Colonial School District’s Girls In Technology Academy gives girls in fifth through eighth grade the opportunity to explore robots, 3D modeling and engineering.
Part of Colonial’s STEAM (Science, Technology, Engineering, Art and Mathematics) culture, the four-day summer camp encourages the girls to work together to solve problems and create new things.
“I did Girls In Technology last year, too,” said Samantha Coke, who’ll be in seventh grade in the fall at Colonial Middle School. “I keep coming back, because it’s nice to interact with other girls who have the same passion as you do: they like technology.”

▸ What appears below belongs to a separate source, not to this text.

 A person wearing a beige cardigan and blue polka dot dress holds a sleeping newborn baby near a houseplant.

The projects at the Girls In Technology Academy this year include: using 3D modeling software to design and print jewelry, programming robots and working in teams to build “Rube Goldberg” machines — elaborate contraptions with a variety of slopes, pulleys, tubes, levers and found objects — that perform a relatively simple task. For the Girls In Technology campers, the machine needed to erase a word from a whiteboard.

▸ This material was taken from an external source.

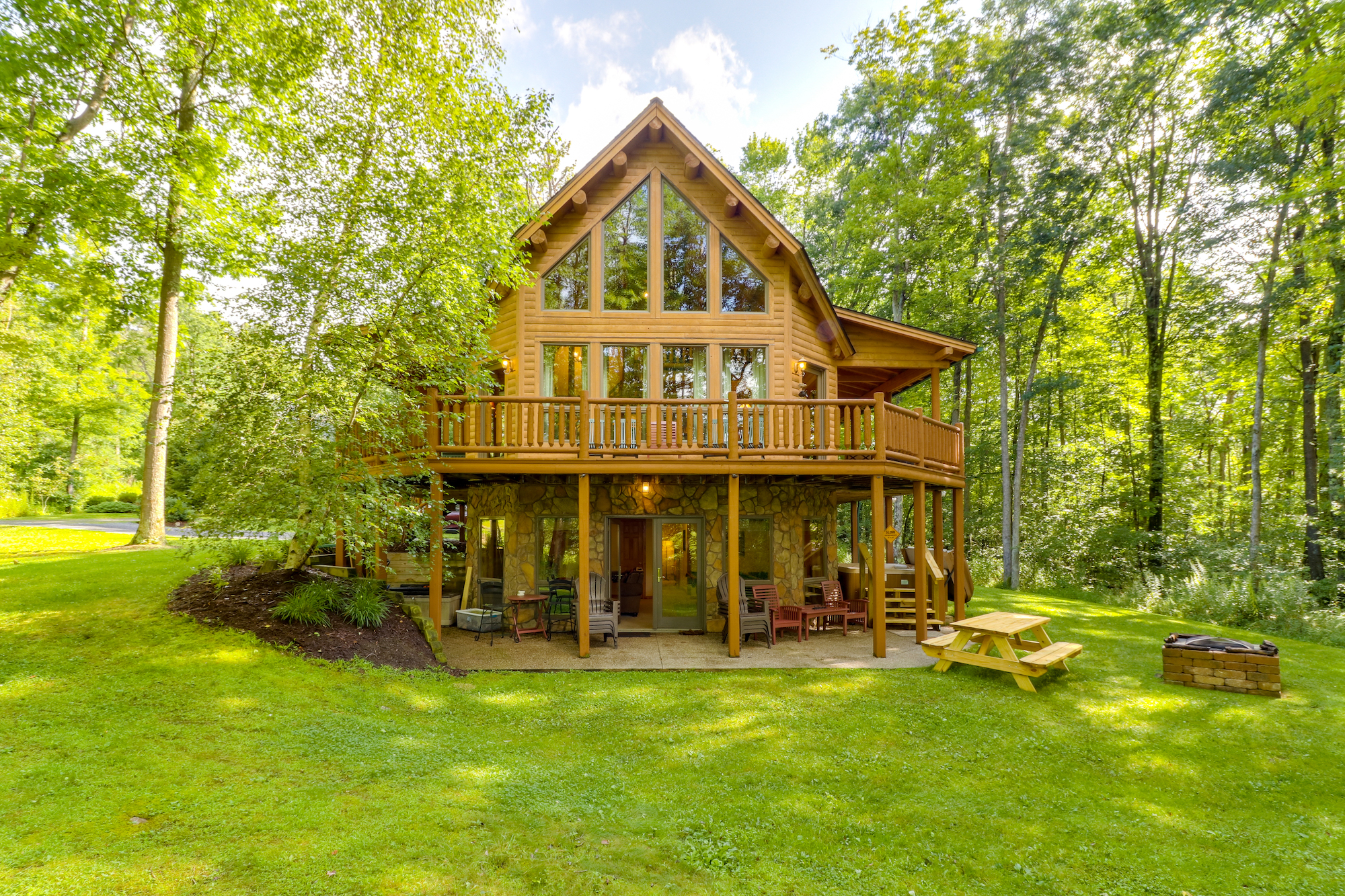 Wooden cabin with a wrap around deck and outdoor fire pit in Deep Creek Lake, MD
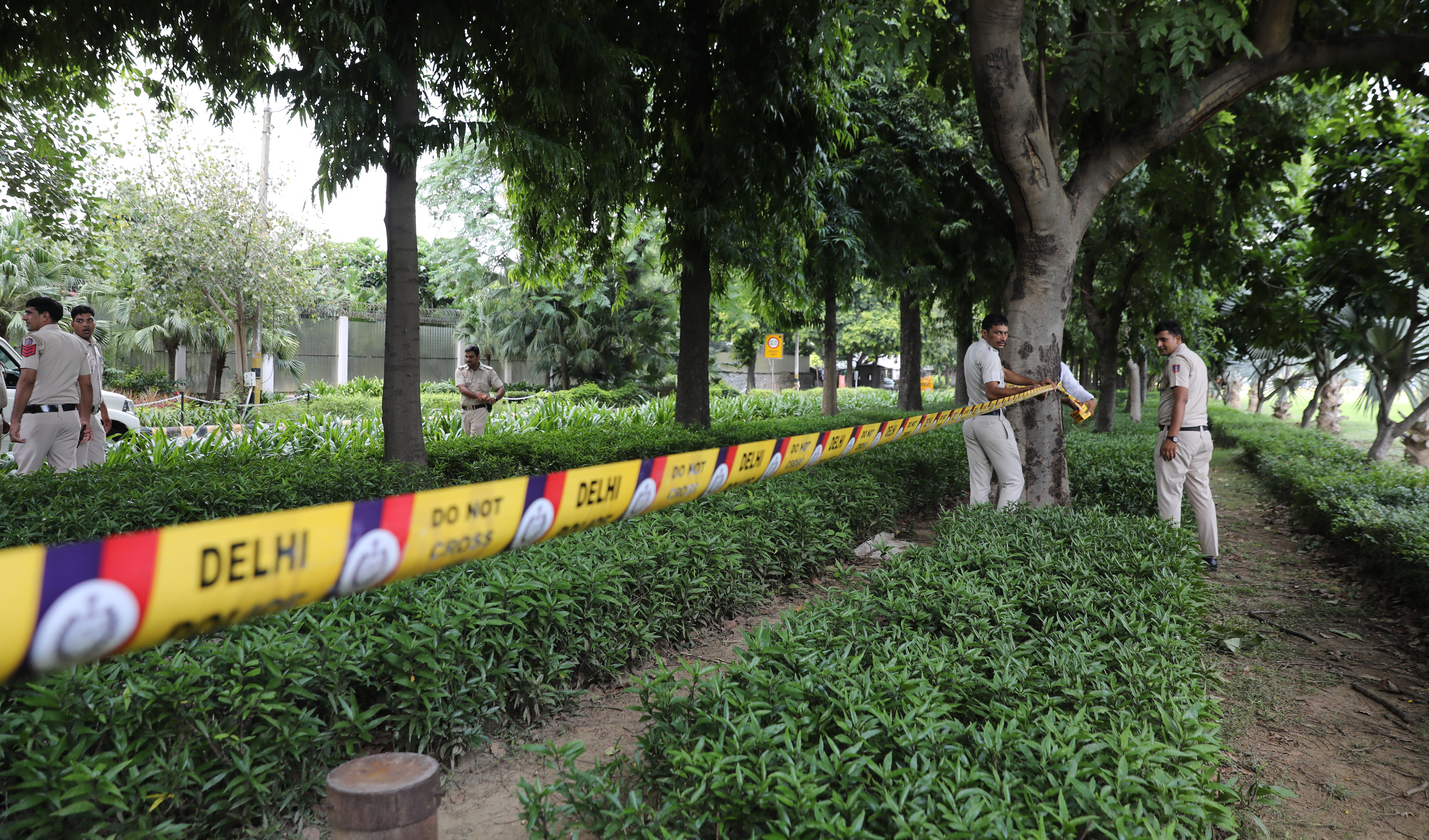 Indian policemen secure the premises around the Canadian embassy in New Delhi on 19 September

“We get to make a lot of cool stuff, and it’s really fun to hang out with girls in the camp,” said Zoe Leiby, an incoming seventh grader.
Behind all of these projects is a foundation in the engineering design process. The engineering design process includes: identifying a problem, exploring resources, designing a solution, creating the solution, testing it and making it better. However, the ultimate goal of the camp is to encourage girls to stay involved in technology through high school and consider STEAM careers in the future.
“According to studies, by 2020 there will be almost 1.5 million job openings in STEAM fields, and females hold only about 25% of such positions,” said Kevin Willson, Technology Education Teacher at Colonial Elementary School and one of the teachers at the camp. “It’s time to level the playing field. Getting girls involved earlier piques their interest and gets them hooked.”
The Girls In Technology Academy summer camp in the Colonial School District is funded in part by a grant from The Quaker Chemical Foundation.